1 destination à découvrir

En bref
Explorez la Grèce entre ruelles antiques, tavernes animées et criques translucides, d’Athènes à Corfou en passant par Héraklion. Îles, sites archéologiques, plages et villages blancs rythment un voyage en Grèce entre mer Égée, histoire vivante et soirées qui s’étirent.

Tout savoir sur la Grèce

Voyager en Grèce, c'est entrer dans un pays où la mer Égée scintille entre des îles blanches et où chaque pierre raconte trois mille ans d'histoire. Peu de destinations mêlent aussi naturellement l'Antiquité, la plage et la table.

Des ruines d'Athènes aux criques secrètes de Corfou, la diversité des paysages surprend même les voyageurs aguerris.
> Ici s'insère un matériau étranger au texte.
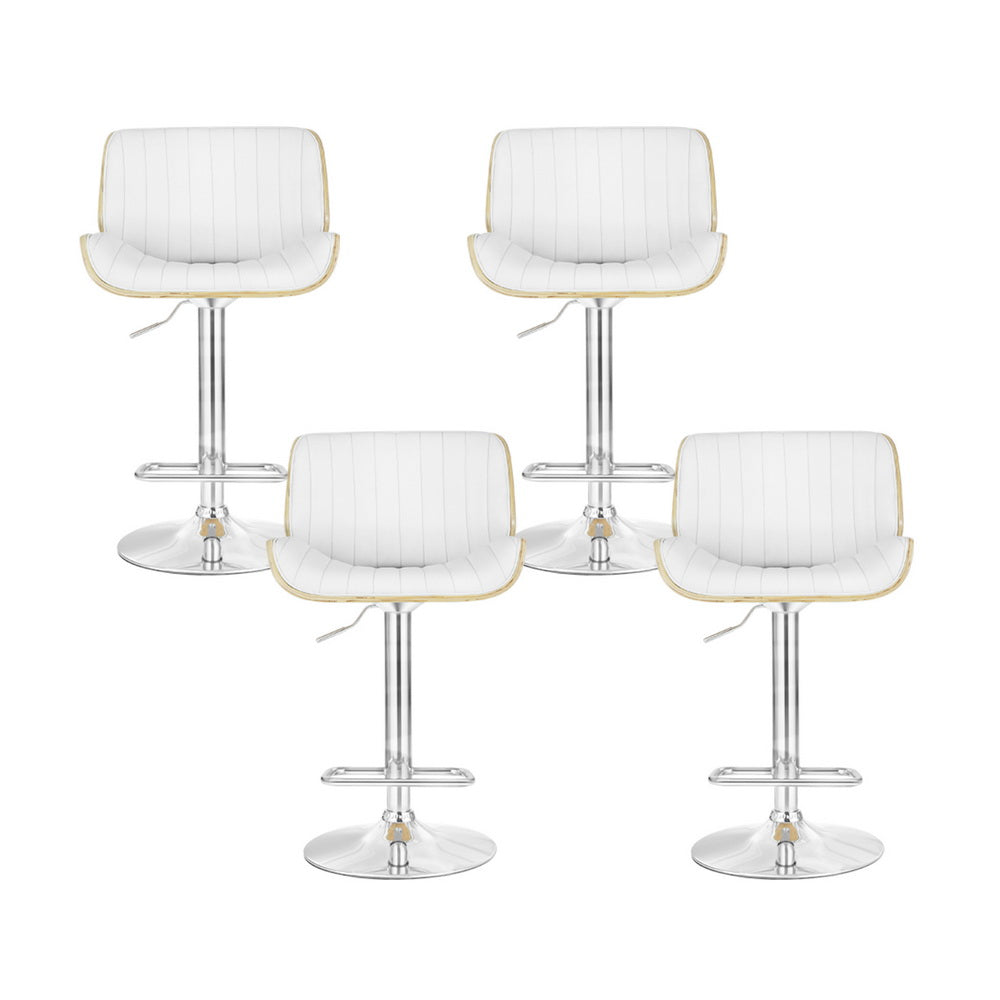 4x Bar Stools Adjustable Leather Chairs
La Grèce se découvre à plusieurs vitesses, à pied dans les ruelles ou en ferry vers l'horizon.

Ce guide couvre les principales destinations — Athènes, Héraklion, Mykonos, Rhodes, Corfou, Patras — pour aider à construire un voyage à la hauteur de ce pays hors du commun.

Pourquoi voyager en Grèce ?

La Grèce fascine depuis des siècles. Ce n'est pas un hasard : nulle part ailleurs en Europe, l'héritage antique et la douceur de vivre méditerranéenne coexistent avec une telle évidence.

Le pays compte plus de 6 000 îles et îlots, dont environ 230 sont habités. Ce seul chiffre dit tout sur l'étendue des possibilités qu'il réserve au voyageur curieux.

Ce qui distingue la Grèce des autres destinations

La Grèce ne ressemble à aucune autre destination méditerranéenne. L'architecture cycladique — ce blanc immaculé, ces coupoles bleues — est une esthétique à elle seule, copiée dans le monde entier mais jamais égalée.

Les guides locaux insistent souvent sur un point : la variété des paysages en un territoire restreint. En une semaine, un voyageur peut passer des gorges sauvages de Crète aux plages de sable fin de Mykonos.

La Grèce en quelques chiffres

La Grèce s'étend sur 131 957 km² et compte environ 10,4 millions d'habitants. Athènes, la capitale, regroupe à elle seule près de 3,5 millions de personnes dans son aire urbaine.

Le pays accueille chaque année plus de 30 millions de touristes, ce qui en fait l'une des destinations les plus visitées d'Europe. Le tourisme représente environ 20 % de son PIB.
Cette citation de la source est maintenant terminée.